= Beginning of Section =

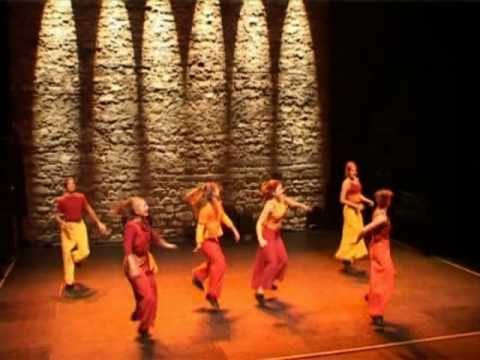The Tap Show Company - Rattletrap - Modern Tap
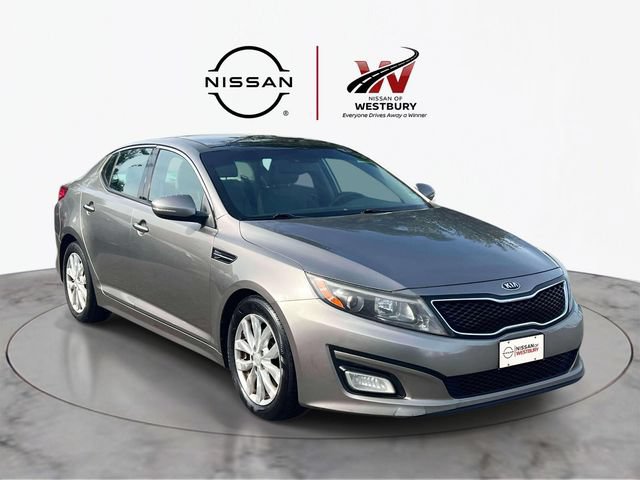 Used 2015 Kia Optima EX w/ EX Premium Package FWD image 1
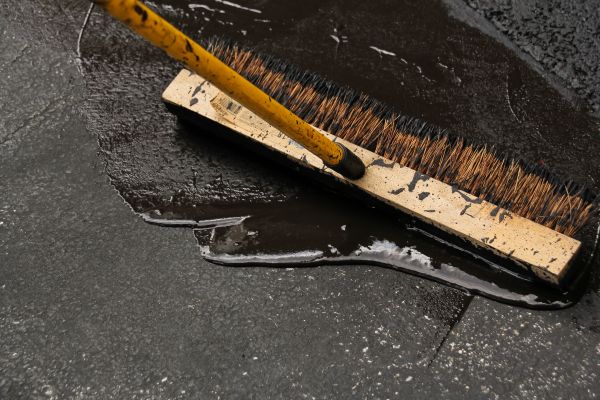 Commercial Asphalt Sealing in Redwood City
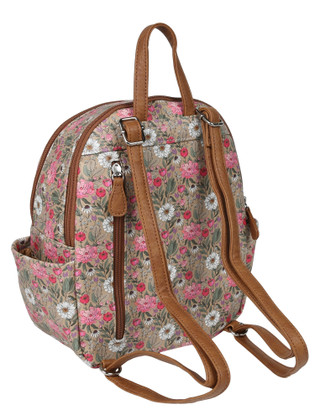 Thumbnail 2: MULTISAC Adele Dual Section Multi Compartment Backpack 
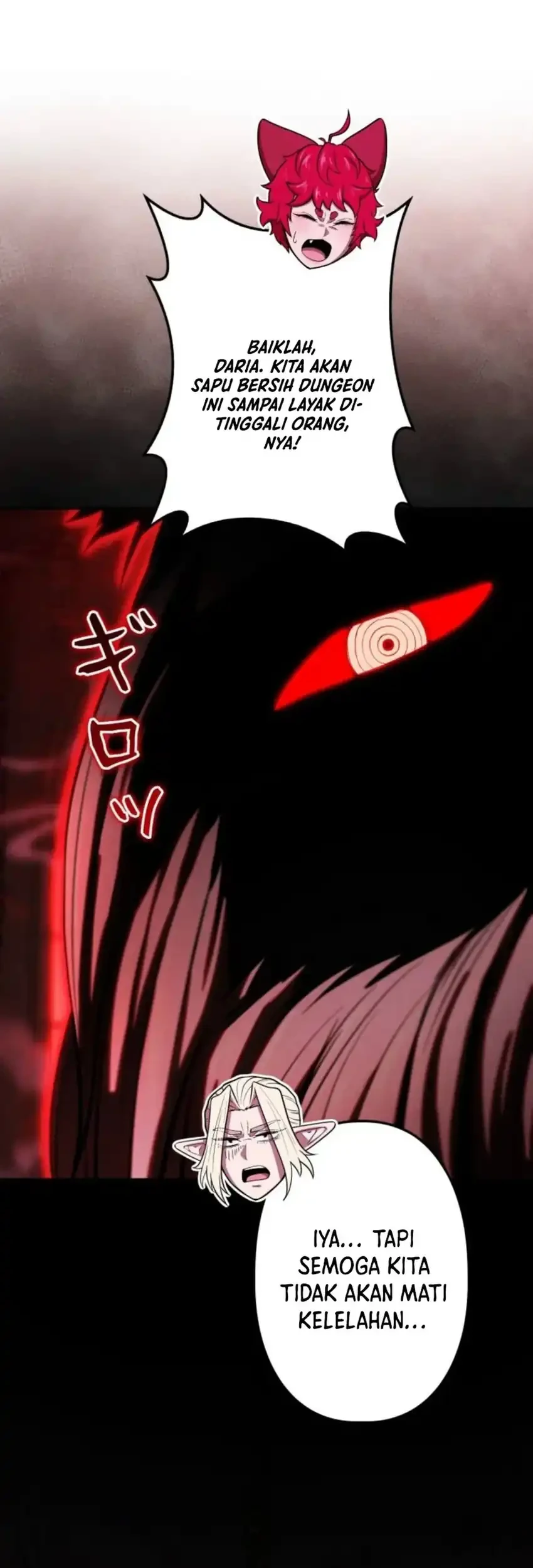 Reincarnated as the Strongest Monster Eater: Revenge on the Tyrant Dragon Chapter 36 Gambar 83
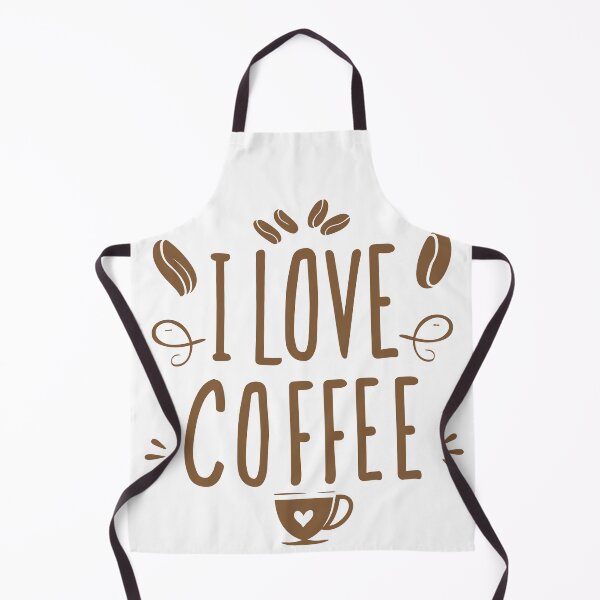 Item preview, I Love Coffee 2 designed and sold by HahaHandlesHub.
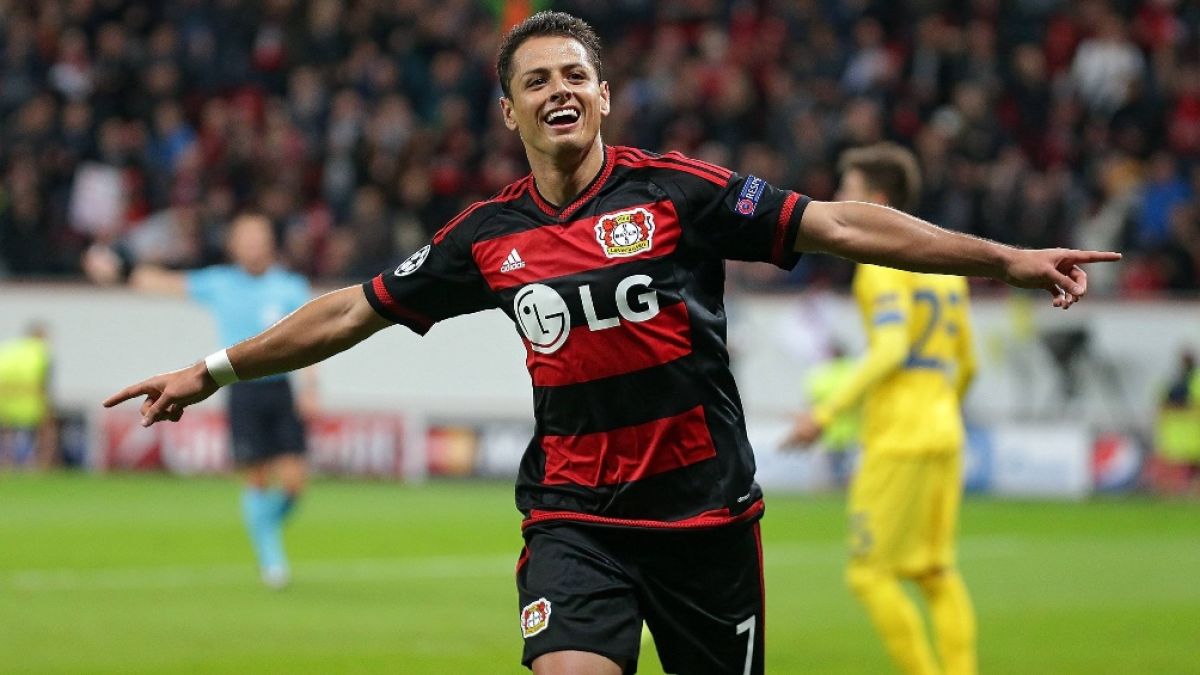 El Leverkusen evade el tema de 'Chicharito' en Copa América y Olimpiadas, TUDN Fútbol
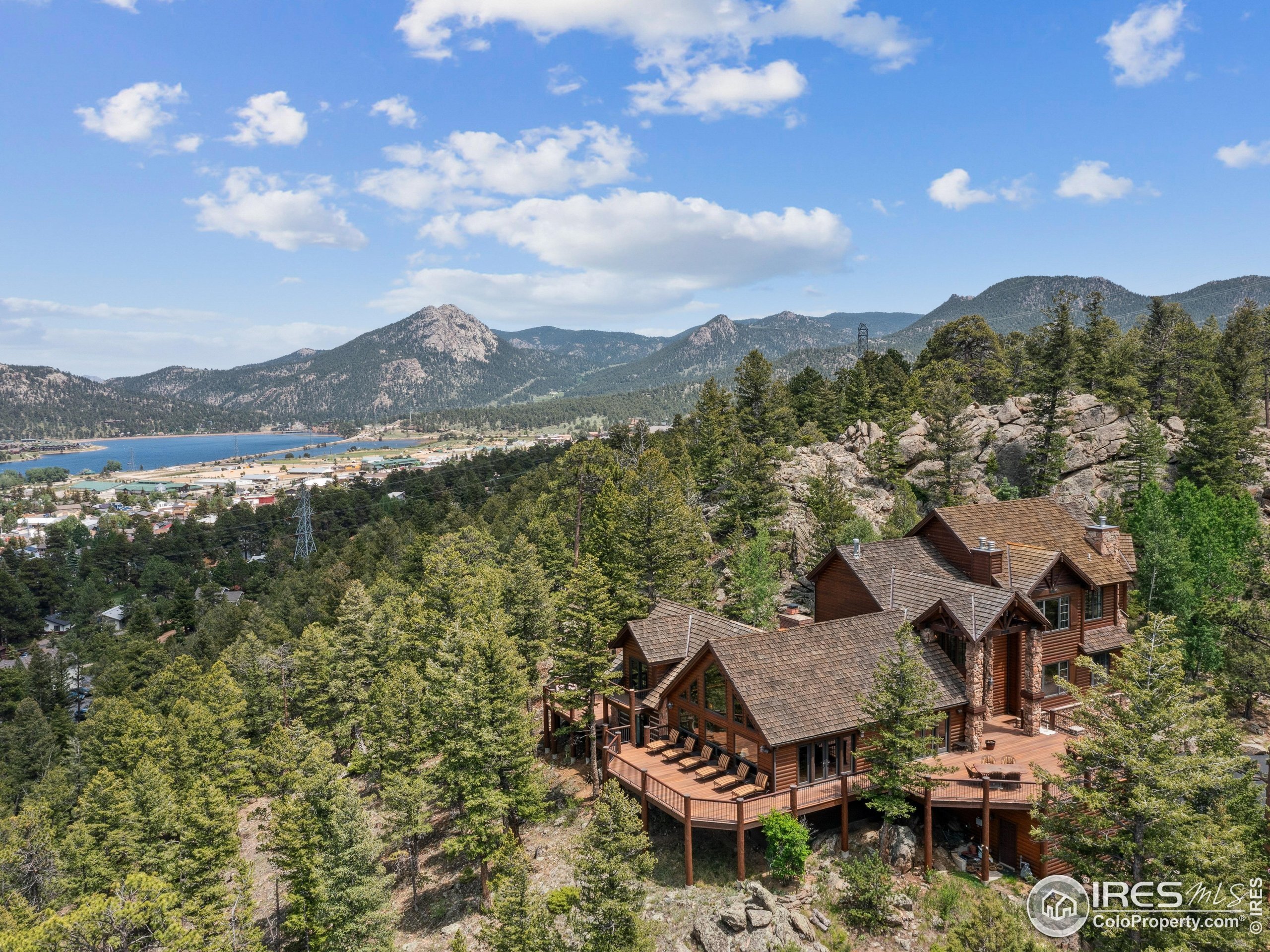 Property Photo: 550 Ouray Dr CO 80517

= End of Section =

## Requirement
Could you reproduce every entry exactly, leaving out the pictures?

## Solution for this exercise
The Tap Show Company - Rattletrap - Modern Tap
 Used 2015 Kia Optima EX w/ EX Premium Package FWD image 1
 Commercial Asphalt Sealing in Redwood City
 Thumbnail 2: MULTISAC Adele Dual Section Multi Compartment Backpack 
 Reincarnated as the Strongest Monster Eater: Revenge on the Tyrant Dragon Chapter 36 Gambar 83
 Item preview, I Love Coffee 2 designed and sold by HahaHandlesHub.
 El Leverkusen evade el tema de 'Chicharito' en Copa América y Olimpiadas, TUDN Fútbol
 Property Photo: 550 Ouray Dr CO 80517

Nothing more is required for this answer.